Outside the benchmark index, Turners rose 4.9 per cent to $3.44. The financial services firm, formerly known as Dorchester Pacific, expects a "significant" earnings uplift after buying motor insurer Autosure from Suncorp New Zealand for $34 million.

NPT fell 4.5 per cent to 64 cents. The listed property investor lifted first-half profit 2.3 per cent and says it's still considering a hostile bid from rival Augusta Capital.

No buyers have emerged for the children's clothing retailer Pumpkin Patch, meaning the company will sell all stock and be wound down, with 63 people losing their jobs this week, the receivers said. They had received some interest in buying the Pumpkin Patch brand name and will now "run a process to optimise the value of that asset." The shares last traded at 6 cents before being placed in a trading halt.

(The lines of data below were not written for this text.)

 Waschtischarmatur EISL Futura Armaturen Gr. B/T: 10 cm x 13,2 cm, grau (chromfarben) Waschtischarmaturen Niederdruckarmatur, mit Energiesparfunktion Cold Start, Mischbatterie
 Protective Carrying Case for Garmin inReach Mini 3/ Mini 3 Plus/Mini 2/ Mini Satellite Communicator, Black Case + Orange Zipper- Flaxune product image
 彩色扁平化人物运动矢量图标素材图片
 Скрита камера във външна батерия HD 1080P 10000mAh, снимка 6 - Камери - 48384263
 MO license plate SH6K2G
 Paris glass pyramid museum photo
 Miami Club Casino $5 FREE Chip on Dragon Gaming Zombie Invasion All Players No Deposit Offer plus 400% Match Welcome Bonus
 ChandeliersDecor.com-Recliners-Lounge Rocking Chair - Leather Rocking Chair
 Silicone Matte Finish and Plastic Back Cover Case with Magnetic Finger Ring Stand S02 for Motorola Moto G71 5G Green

Administrators of crime-fighting software company Wynyard have sold its Cognevo division to Australian telecoms giant, Telstra. Christchurch-based Wynyard went into voluntary administration last month after failing to secure emergency funds to keep it going, with the shares last trading at 21.5 cents, having listed at $1.15 per share. The administrators warned investors that "it is already apparent that there will not be any returns for shareholders arising from the administration."

"It was clearly a valuable part of their business and in many ways not a surprise to see it sold - clearly the receivers have to act quickly there given the cost and cash burn that have been loaded into the business by past management," Goodson said.